Every node in the network intializes RumorManager with the list of peers from their own shard or committee at the start of a new DS epoch (or after a successful view change).

Initialization involves the following:

  • Storing peer list
  • Storing public keys of the peers in the peer list, the DS committee members, and lookup nodes
  • Storing the node's own peer information and key pair
  • Starting of rounds (that runs a loop every ROUND_TIME_IN_MS ms), which includes:
    • Checking the state of every rumor in RumorHolder and sending to MAX_NEIGHBORS_PER_ROUND random peers (if the rumor is not old enough).
    • RumorHolder monitors/changes the state of each rumor it holds using the Median Counter algorithm (as explained in Section 3 of the whitepaper) for every round.

SpreadRumor

This enables the node to initiate the rumor to be gossiped with its peer list. It will basically add the rumor to RumorHolder, which in turn manages its states and further gossiping.

SpreadForeignRumor

This enables the node to initiate spreading of the rumor received from a node that is not part of its peer list (hence, "foreign"). It verifies the sender node against all the public keys stored during the initialization of RumorManager.

StopRounds

Stops the gossip round, thereby stopping the gossiping of rumors to peers.

Rumor State Machine

The rumor state machine is managed by RumorHolder.

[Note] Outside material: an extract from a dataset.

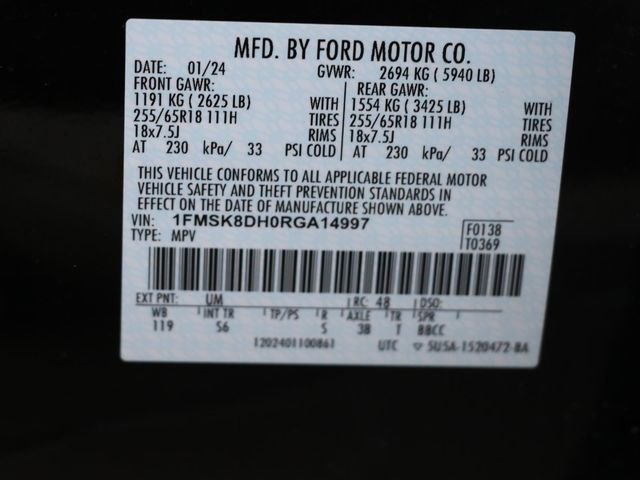 Used 2024 Ford Explorer XLT w/ Equipment Group 202A image 31
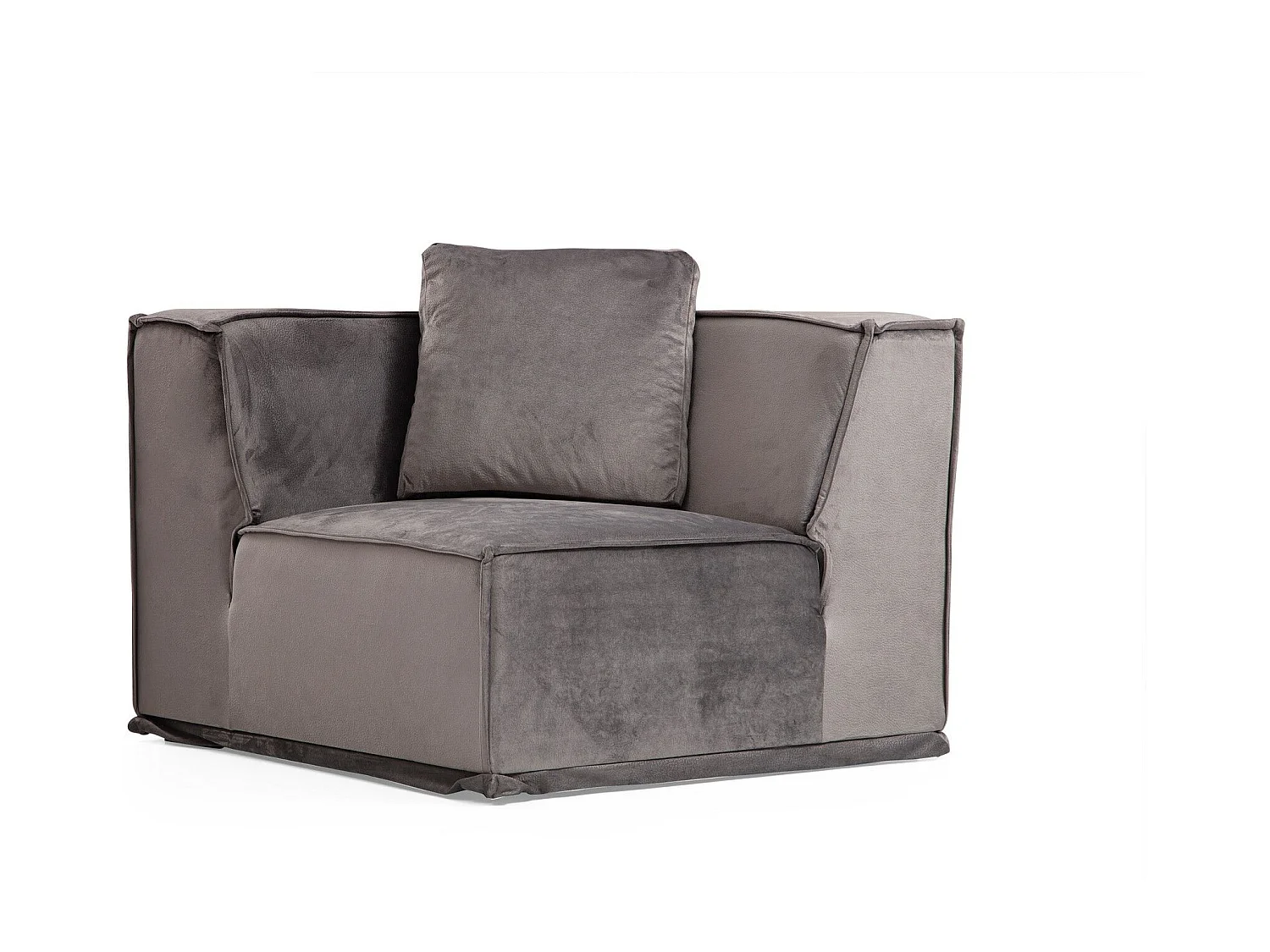 Sofá rinconero modular Altadena 442, Gris, 300x300x76cm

Every rumor will be in one of following states at any time:

  • NEW: The peer v knows r and counter(v,r) = m (age/round)
  • KNOWN: Cooling state; stay in this state for m_maxRounds rounds, and participate in rumor spreading
  • OLD: Final state; member stops participating in rumor spreading

Every rumor starts in the NEW state. It either stays in this state, or moves on to KNOWN or OLD state immediately or in successive rounds based on the algorithm mentioned in the whitepaper. Every rumor is tied up with the round (consider it as the rumor age).

A rumor is configured to stay in NEW and KNOWN state for a maximum of <MAX_ROUNDS_IN_BSTATE> and <MAX_ROUNDS_IN_CSTATE>, respectively. The total rounds is configured to not exceed <MAX_TOTAL_ROUNDS>, after which the rumor is marked as OLD. These settings are found in the node's constants file, like thus:

<gossip_custom_rounds>
<MAX_ROUNDS_IN_BSTATE>2</MAX_ROUNDS_IN_BSTATE>
<MAX_ROUNDS_IN_CSTATE>3</MAX_ROUNDS_IN_CSTATE>
<MAX_TOTAL_ROUNDS>6</MAX_TOTAL_ROUNDS>
</gossip_custom_rounds>

Gossip Message Format

FieldDescription
START_BYTE_GOSSIP0x33 (indicates gossip message type)
HDRMessage header
GOSSIP_MSGTYPESee next section
GOSSIP_ROUNDRumor age (as per sender of message)
GOSSIP_SNDR_PORTListening port of sender
PUB_KEYSender's public key
SIGNATURESignature over the payload
PayloadRumor to be gossiped

Optimized Pull-Push Mechanism

GOSSIP_MSGTYPE can refer to any of the following:

  • PUSH (0x01): The response to a PULL request. The payload contains the raw message. It is sent out to the requesting peer.
  • PULL (0x02): The request for the raw message for a given hash. The payload contains the hash. It is sent out in response to the node who sent LAZY_PUSH or LAZY_PULL.
  • EMPTY_PUSH (0x03): This is sent out at every round to random neighbors if the node does not have any active rumors in its store. It indicates asking for any rumors from the node's neighbors. The payload contains unused dummy data.
  • EMPTY_PULL (0x04): This is sent out to the sender of EMPTY_PULL or LAZY_PULL to indicate that it doesn't have any active rumors either. The payload contains unused dummy data.
  • FORWARD (0x05): A special type that indicates that the message being sent out is from a foreign peer. This means the sender does not belong to the current shard or committee. Normally it is sent from a lookup to a shard or DS committee node, or between a shard node and DS committee node (in either direction).
  • LAZY_PUSH (0x06): This is sent out at every round to random neighbors for each active rumor in its store. The payload contains the hash of the raw message intended to be gossiped.
  • LAZY_PULL (0x07): The response to the sender if it is the first time that sender has sent a LAZY_PUSH/EMPTY_PUSH message during this round. The payload contains the hash of the raw message.
note

Every gossip message is signed, and the signature is verified before being accepted.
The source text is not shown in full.